To bring this back to your question, we will be introducing our benchmark conversion functionality to offer a unique opportunity for new buy-side entities who may not have traditionally been involved in portfolio compression – hedge funds and asset managers with directional portfolios, for example to join our established network of compression participants in converting their remaining LIBOR transactions once compression opportunities in a given exercise have been exhausted. The addition of these new participants will be crucial to the success of benchmark conversion because they represent the cash flow and risk offset – crucial in maintaining the CCP’s cash flow neutrality. This is akin to a market participant needing to execute a new transaction that is equal and opposite to their original position in order to compress their position in the CCP. In multilateral services such as ours, it is the strength of the network that provides the mechanism for finding offsets that already exist as opposed to having to execute new transactions with liquidity providers.

Performing these benchmark conversion exercises iteratively over time means we can help the market achieve a mass conversion from legacy LIBOR risk, on contracts maturing beyond 2021, into alternative reference rates (ARRs).


Which OTC instruments are supported?

The new benchmark conversion functionality will initially be available in compression cycles that include plain vanilla fixed float interest rate swaps, basis swaps, OIS covering all ARRs, zero coupon swaps and FRAs. Further down the line on the bilateral side, in addition to these products, we also intend to include this functionality in cycles including cross-currency swaps reference LIBOR.

Benchmark conversion will be offered in all currencies as alternative RFR transition plans take effect. For now, we see momentum in US dollars, sterling, the euro, the Swiss franc and Japanese yen. We can expect the sterling market to be a leading indicator for conversion due to greater established Sonia liquidity when compared to the other alternative RFR’s. However, we continue to wait for the tipping point in longer-dated Sonia trading volume versus LIBOR.
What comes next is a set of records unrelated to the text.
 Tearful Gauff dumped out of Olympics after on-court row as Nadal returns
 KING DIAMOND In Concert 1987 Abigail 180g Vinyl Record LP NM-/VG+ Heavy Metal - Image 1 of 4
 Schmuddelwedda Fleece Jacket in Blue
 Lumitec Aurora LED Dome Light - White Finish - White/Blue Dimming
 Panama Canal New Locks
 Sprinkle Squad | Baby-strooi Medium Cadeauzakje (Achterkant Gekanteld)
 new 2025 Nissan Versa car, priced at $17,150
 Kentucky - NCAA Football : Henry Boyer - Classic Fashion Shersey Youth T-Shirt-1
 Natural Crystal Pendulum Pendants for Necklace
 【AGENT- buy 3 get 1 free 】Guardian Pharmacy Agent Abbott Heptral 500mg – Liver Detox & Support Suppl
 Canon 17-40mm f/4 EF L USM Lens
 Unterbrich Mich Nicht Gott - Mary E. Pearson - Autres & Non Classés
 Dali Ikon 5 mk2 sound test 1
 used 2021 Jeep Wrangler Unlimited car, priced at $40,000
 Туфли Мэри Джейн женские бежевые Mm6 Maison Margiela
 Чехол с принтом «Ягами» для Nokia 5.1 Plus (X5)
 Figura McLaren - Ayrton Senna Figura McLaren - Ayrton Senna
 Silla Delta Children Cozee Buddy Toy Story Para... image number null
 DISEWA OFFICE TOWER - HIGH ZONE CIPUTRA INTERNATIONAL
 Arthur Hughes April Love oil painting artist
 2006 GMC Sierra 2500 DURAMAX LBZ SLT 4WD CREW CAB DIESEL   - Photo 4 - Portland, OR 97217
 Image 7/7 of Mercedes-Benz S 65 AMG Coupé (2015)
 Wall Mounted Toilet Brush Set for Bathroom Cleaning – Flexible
What results can participants expect?

Based on simulations we have been able to run, with sensible risk-based tolerance levels, we may be able to help with achieving up to a 70% reduction in cleared GBP LIBOR gross notional through compression alone. Importantly, the simulations showed that we can help to remove up to half of the remaining 30% by enabling firms to optimise on reducing LIBOR gross notional beyond 2021 and utilising risk replacement trade functionality made available to us by the CCP’s.


How does the process work?

After firms register for a specific compression cycle, we receive their trade population in that currency from the CCP. Participants then confirm which trades to include by sending us the trades they are interested in including in the cycle. Through the same exercise we will suggest trades to either terminate, amend or replace using risk-replacement trades. The outcome is that each trade is either left untouched, terminated fully, or amended in some way, such as a change to the notional, the direction, the spread or the coupon. If none of these are suitable for maximising the objective for LIBOR reduction, the result would terminate the legacy LIBOR trade and replace it with a risk-replacement trade referencing the Alternative RFR. It is this latter step that facilitates the conversion of netted LIBOR positions.

All participants gain access to the same secure platform and risk-based constraints. The entire exercise is performed under each participant’s own valuations and risk sensitivities. These constraints are defined by each firm within their own of risk appetite levels. This combination means there’s no uncertainty when firms come to verifying the resulting compressions and risk-replacement trades in their own system for risk impacts.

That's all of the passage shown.